YOUR TASK:
Copy the data below exactly. Any pictures in it should be omitted.

SOURCE DATA:
======
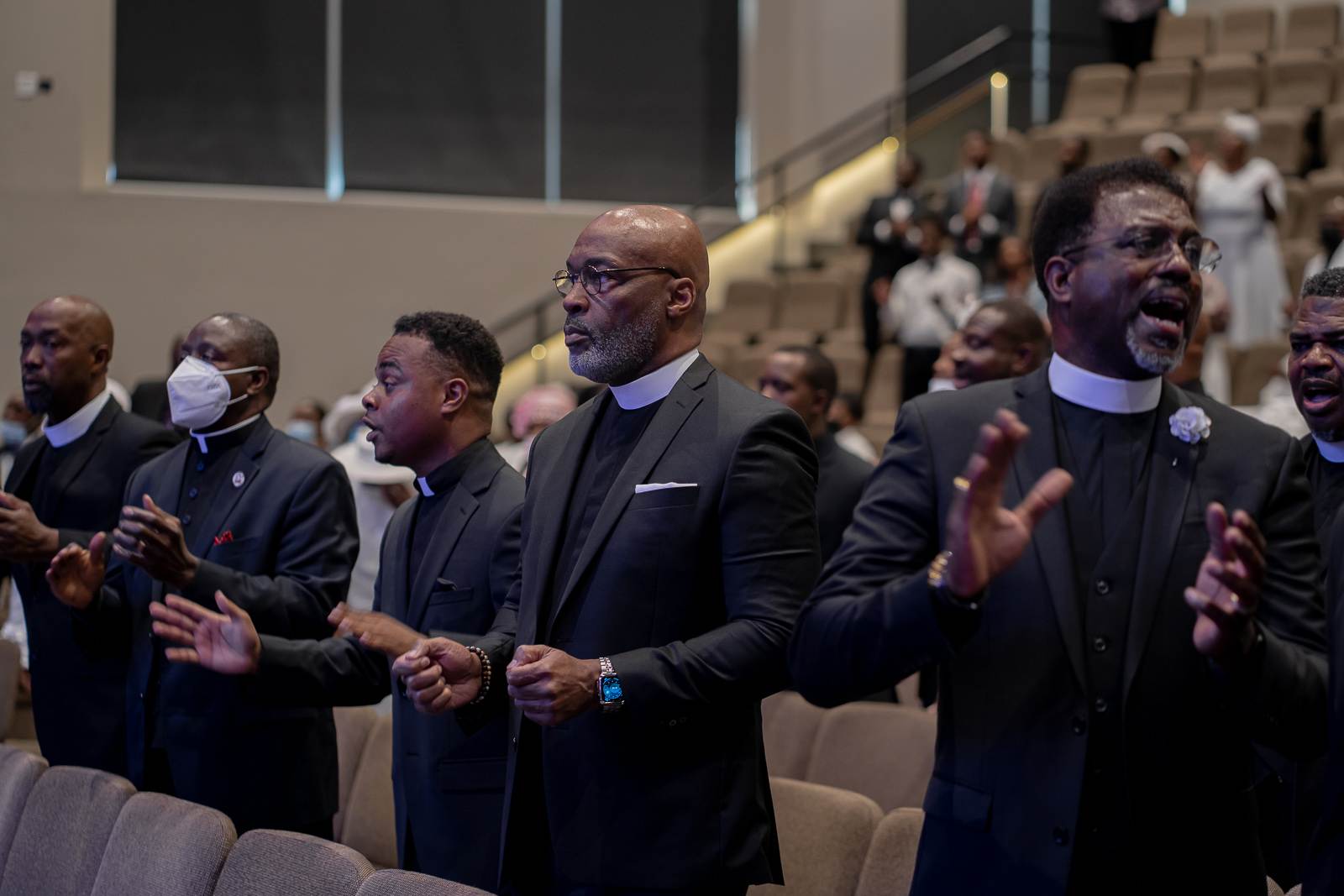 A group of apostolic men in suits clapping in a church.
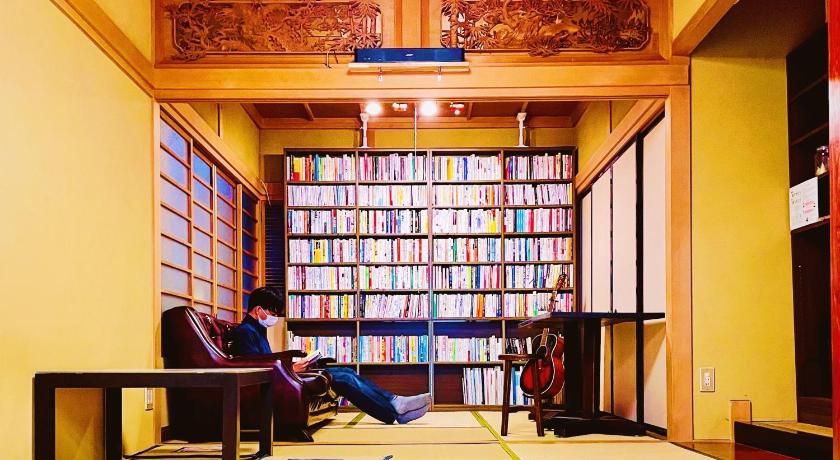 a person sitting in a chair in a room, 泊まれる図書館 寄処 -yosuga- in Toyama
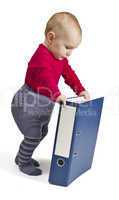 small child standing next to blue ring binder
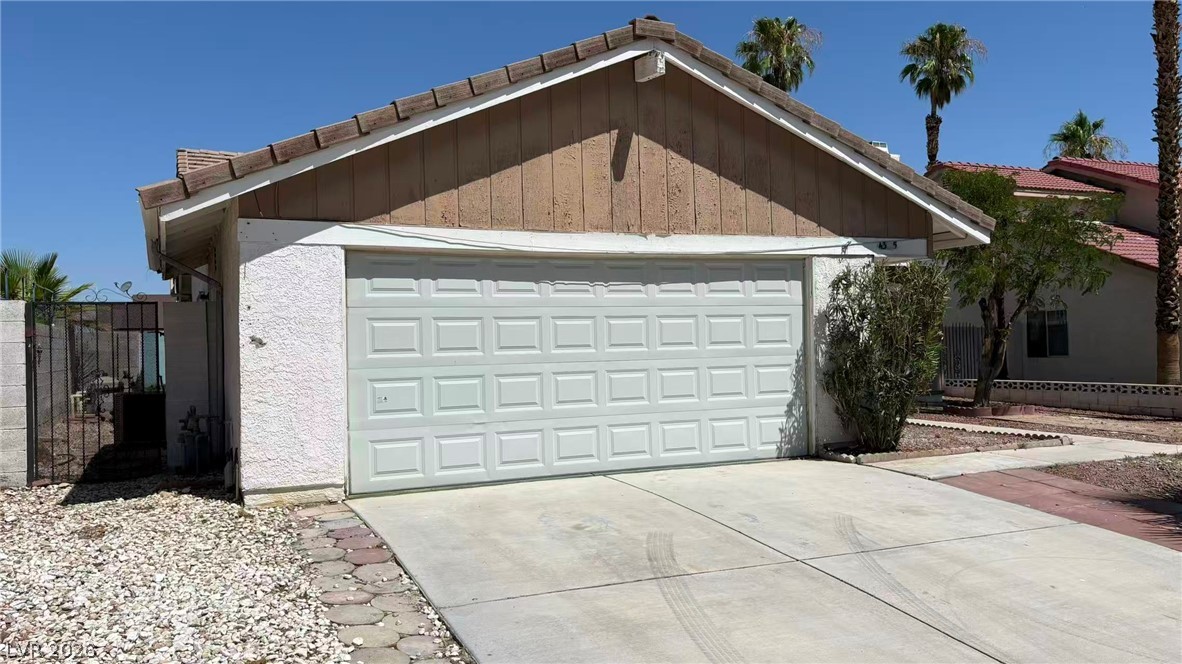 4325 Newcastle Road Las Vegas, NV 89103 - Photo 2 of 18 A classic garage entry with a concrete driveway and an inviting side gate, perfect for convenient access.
======
EXERCISE RESULT:
 A group of apostolic men in suits clapping in a church.
 a person sitting in a chair in a room, 泊まれる図書館 寄処 -yosuga- in Toyama
 small child standing next to blue ring binder
 4325 Newcastle Road Las Vegas, NV 89103 - Photo 2 of 18 A classic garage entry with a concrete driveway and an inviting side gate, perfect for convenient access.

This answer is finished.